Roll the larger piece of dough to lengthen it to about 12 inches. Strew the white chocolate evenly on top of the dough. Roll up the dough to encase the chocolate and then knead it to incorporate the chocolate evenly. Sprinkle lightly with flour if it is very sticky. Set it aside, covered with plastic wrap, for 20 minutes.
Lightly flour the counter and roll the dough containing the chocolate into a 9 by 8 inch rectangle. Shape the dough into a log, starting from the top and rolling down to the bottom. When you reach the bottom edge of the dough, pinch it firmly against the outside of the dough to make a tight seam. Set the shaped loaf, seam side down, on the counter.

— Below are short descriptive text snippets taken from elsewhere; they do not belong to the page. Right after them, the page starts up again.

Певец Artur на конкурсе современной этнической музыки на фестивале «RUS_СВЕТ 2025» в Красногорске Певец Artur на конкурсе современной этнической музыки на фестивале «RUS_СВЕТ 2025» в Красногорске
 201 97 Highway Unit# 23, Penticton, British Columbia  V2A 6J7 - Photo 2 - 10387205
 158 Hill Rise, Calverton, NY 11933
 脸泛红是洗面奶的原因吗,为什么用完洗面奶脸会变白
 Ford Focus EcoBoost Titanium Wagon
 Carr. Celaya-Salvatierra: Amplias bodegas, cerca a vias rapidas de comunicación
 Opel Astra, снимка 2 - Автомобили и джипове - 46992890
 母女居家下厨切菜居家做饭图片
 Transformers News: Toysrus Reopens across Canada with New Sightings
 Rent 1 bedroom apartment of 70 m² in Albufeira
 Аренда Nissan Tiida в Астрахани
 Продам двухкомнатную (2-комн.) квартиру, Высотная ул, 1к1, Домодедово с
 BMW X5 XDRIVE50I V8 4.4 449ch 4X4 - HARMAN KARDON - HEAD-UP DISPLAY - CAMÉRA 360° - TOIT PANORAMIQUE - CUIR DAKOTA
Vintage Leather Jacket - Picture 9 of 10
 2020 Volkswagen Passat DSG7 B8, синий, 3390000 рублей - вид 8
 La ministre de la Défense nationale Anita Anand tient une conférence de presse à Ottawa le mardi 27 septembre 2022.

Roll the smaller piece of dough into a 9 by 8½ inch rectangle. It will be about ⅛ inch thick. Lightly spritz or brush water on top. Set the shaped loaf, horizontally and centered near the bottom of the dough rectangle, seam side down. Wrap the dough rectangle snuggly around the shaped loaf so that the two edges meet, and pinch them together all along the bottom edge. Set it seam side down on the counter and pinch together the sides of the dough to enclose the loaf. Tuck the sides under and set the shaped dough in the prepared loaf pan, pushing it down firmly. It will be about 1 inch from the top.
Cover the pan loosely with plastic wrap that has been lightly coated with nonstick cooking spray. Let the bread rise in a warm place (ideally 75° to 85°F/24° to 29°C) for 1 hour and 15 minutes to 2 hours. The highest point should be 1 inch above the sides of the pan and when pressed lightly with a fingertip, the dough should keep the impression. (See recommended rising environments.)
Preheat the Oven
Forty-five minutes or longer before baking, set an oven rack in the lower third of the oven and place the baking stone or baking sheet on it. Place a cast iron skillet, lined with aluminum foil to prevent rusting, or a sheet pan on the floor of the oven. Preheat the oven to 350°F/175°C.
Bake the Bread
Mist the dough with water. Quickly but gently set the pan on the hot baking stone or baking sheet and toss a handful (about ½ cup) of ice cubes into the pan on the oven floor. Immediately shut the door and bake for 25 minutes. For even baking, rotate the pan halfway around.
Continue baking for 15 to 25 minutes, or until medium golden brown and a skewer inserted into the center comes out clean. (An instant-read thermometer inserted into the center should read 195° to 211°F/90° to 99°C.)
Cool the Bread
Remove the bread from the oven, unmold it from the pan, and transfer it to a wire rack to cool completely, top side up, at least 2 hours.